EXERCISE DESCRIPTION: Verbatim copy, images omitted: return the full listing.

SUPPLIED INFORMATION:
········

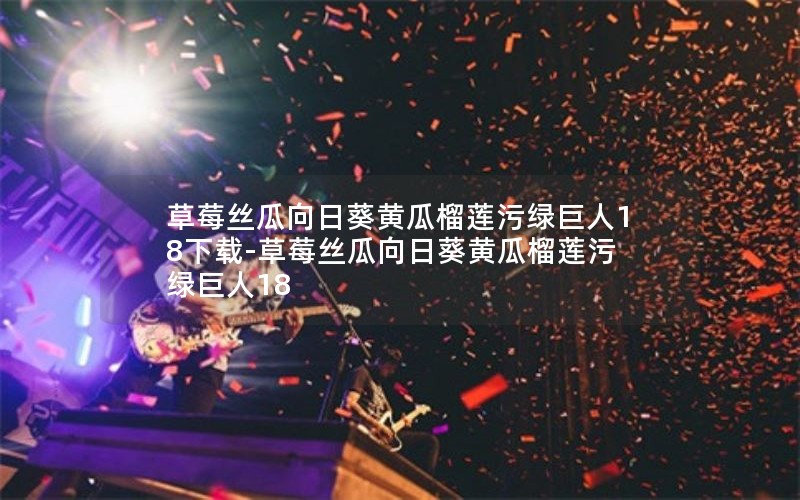 草莓丝瓜向日葵黄瓜榴莲污绿巨人18下载-草莓丝瓜向日葵黄瓜榴莲污绿巨人18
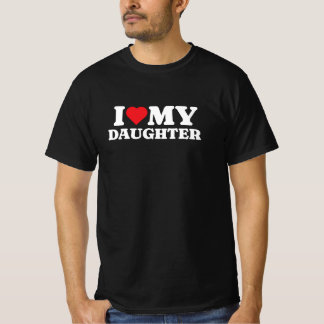 I Love My Daughter T-Shirt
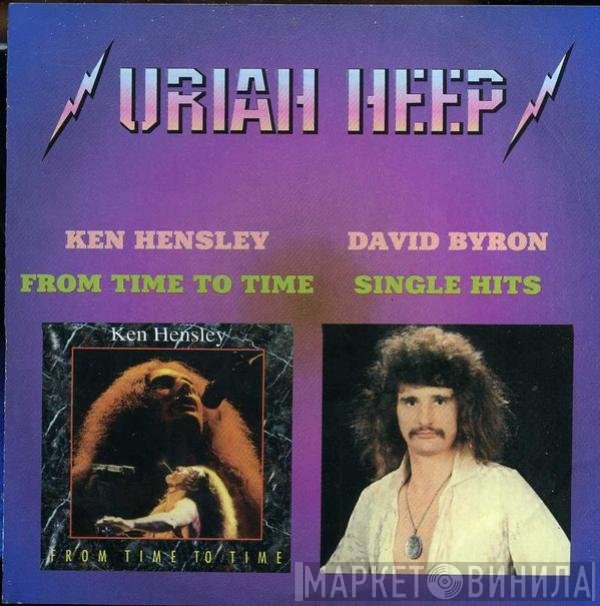 Ken Hensley / David Byron  - From Time To Time / Single Hits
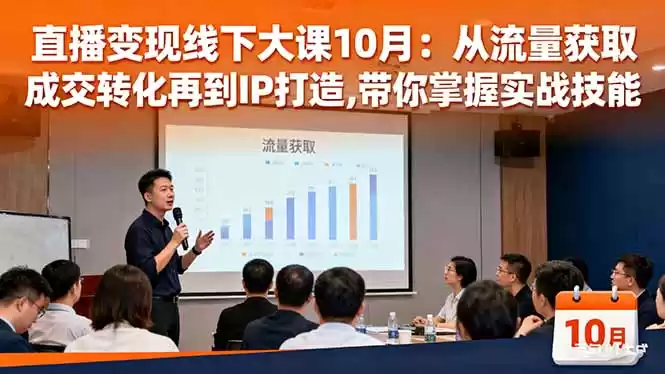 直播变现线下大课10月：从流量获取到成交转化再到IP打造,带你掌握实战技能-鑫梵淘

········

TASK RESPONSE:
 草莓丝瓜向日葵黄瓜榴莲污绿巨人18下载-草莓丝瓜向日葵黄瓜榴莲污绿巨人18
 I Love My Daughter T-Shirt
 Ken Hensley / David Byron  - From Time To Time / Single Hits
 直播变现线下大课10月：从流量获取到成交转化再到IP打造,带你掌握实战技能-鑫梵淘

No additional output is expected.